### Work order
Please transcribe, exactly and only, the lines of the records below from the one holding "De hartlongmachine by" to the very end.

Stored items from a collection
* * * * * * * * *

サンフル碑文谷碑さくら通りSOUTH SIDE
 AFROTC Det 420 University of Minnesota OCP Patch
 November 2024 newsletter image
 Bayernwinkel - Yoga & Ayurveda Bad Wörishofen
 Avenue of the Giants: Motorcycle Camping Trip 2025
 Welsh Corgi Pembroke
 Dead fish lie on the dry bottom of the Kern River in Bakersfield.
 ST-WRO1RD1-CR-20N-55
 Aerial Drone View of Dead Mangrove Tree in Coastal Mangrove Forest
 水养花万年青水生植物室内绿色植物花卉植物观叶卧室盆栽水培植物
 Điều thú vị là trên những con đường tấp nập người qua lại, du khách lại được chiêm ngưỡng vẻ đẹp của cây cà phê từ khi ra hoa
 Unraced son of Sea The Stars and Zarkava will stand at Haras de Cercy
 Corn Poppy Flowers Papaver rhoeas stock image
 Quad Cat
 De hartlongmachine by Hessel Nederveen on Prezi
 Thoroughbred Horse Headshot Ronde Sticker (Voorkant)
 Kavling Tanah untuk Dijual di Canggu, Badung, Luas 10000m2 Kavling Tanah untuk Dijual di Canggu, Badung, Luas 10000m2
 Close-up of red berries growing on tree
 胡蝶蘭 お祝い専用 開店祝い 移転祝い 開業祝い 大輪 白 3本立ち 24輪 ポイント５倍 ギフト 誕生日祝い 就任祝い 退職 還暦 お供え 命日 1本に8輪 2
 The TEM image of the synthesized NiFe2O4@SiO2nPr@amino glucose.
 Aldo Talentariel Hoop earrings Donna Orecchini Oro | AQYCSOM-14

* * * * * * * * *

### Final answer
 De hartlongmachine by Hessel Nederveen on Prezi
 Thoroughbred Horse Headshot Ronde Sticker (Voorkant)
 Kavling Tanah untuk Dijual di Canggu, Badung, Luas 10000m2 Kavling Tanah untuk Dijual di Canggu, Badung, Luas 10000m2
 Close-up of red berries growing on tree
 胡蝶蘭 お祝い専用 開店祝い 移転祝い 開業祝い 大輪 白 3本立ち 24輪 ポイント５倍 ギフト 誕生日祝い 就任祝い 退職 還暦 お供え 命日 1本に8輪 2
 The TEM image of the synthesized NiFe2O4@SiO2nPr@amino glucose.
 Aldo Talentariel Hoop earrings Donna Orecchini Oro | AQYCSOM-14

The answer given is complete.